[Work order]: Give back the whole listing verbatim, printing none of its pictures.

[Available data]:
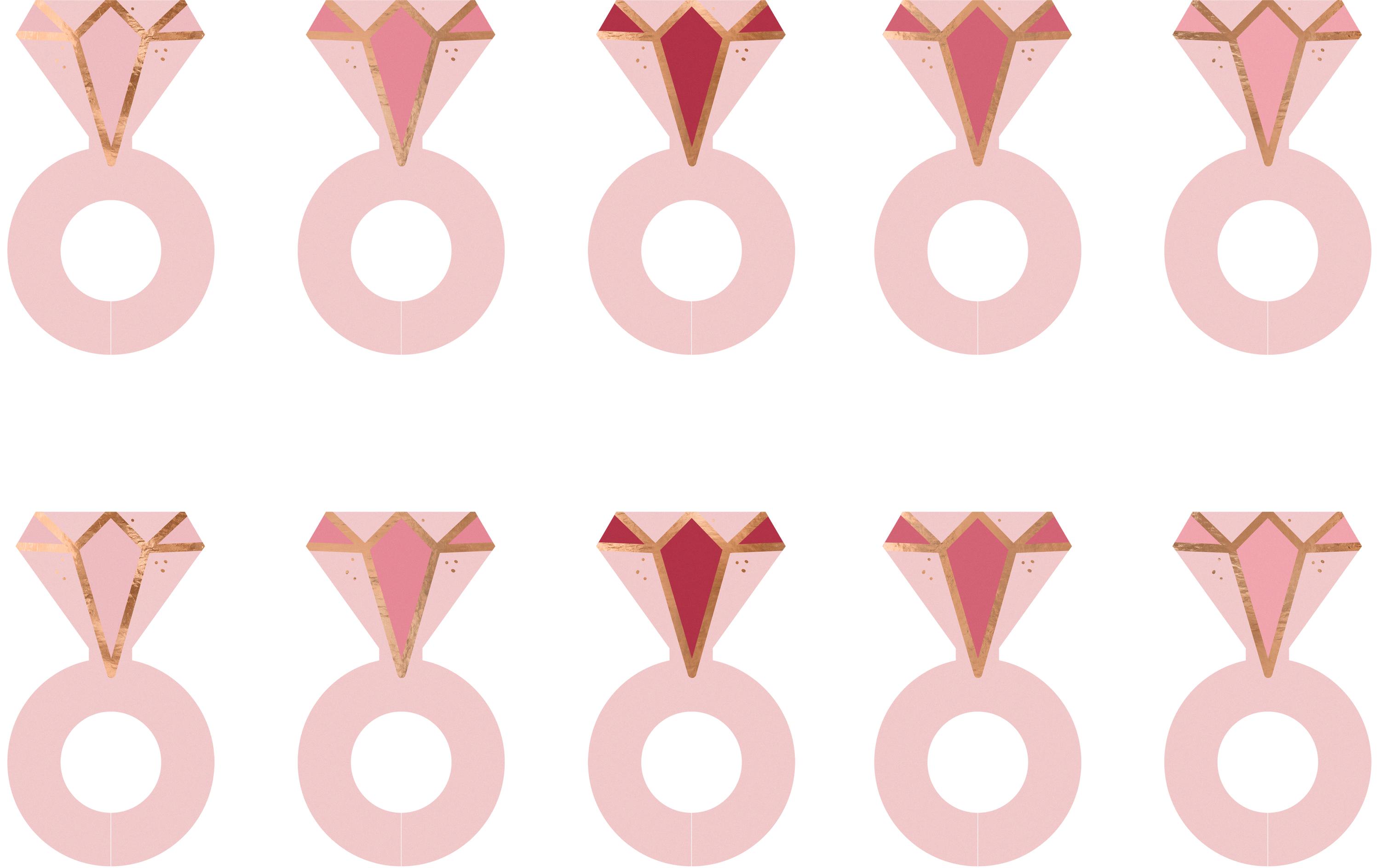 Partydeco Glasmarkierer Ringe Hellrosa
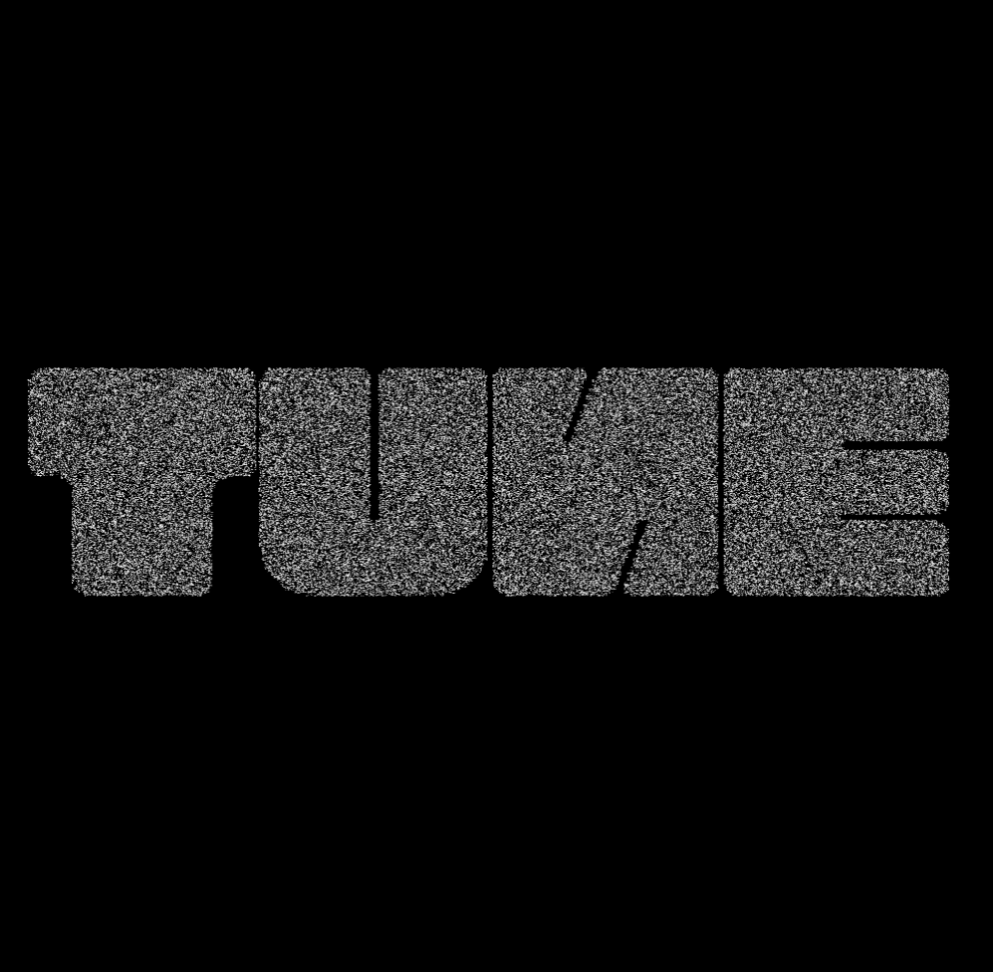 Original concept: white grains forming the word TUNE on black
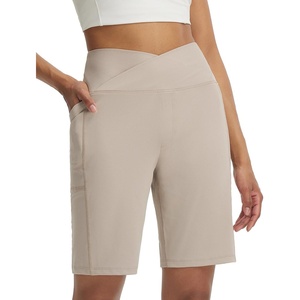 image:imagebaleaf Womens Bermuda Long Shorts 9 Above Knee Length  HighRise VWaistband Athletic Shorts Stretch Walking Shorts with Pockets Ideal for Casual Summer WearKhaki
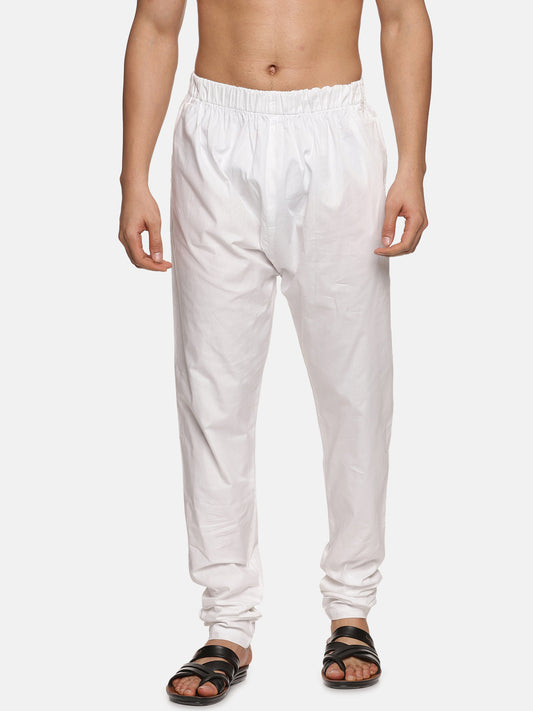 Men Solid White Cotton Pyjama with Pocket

[Exercise output]:
 Partydeco Glasmarkierer Ringe Hellrosa
 Original concept: white grains forming the word TUNE on black
 image:imagebaleaf Womens Bermuda Long Shorts 9 Above Knee Length  HighRise VWaistband Athletic Shorts Stretch Walking Shorts with Pockets Ideal for Casual Summer WearKhaki
 Men Solid White Cotton Pyjama with Pocket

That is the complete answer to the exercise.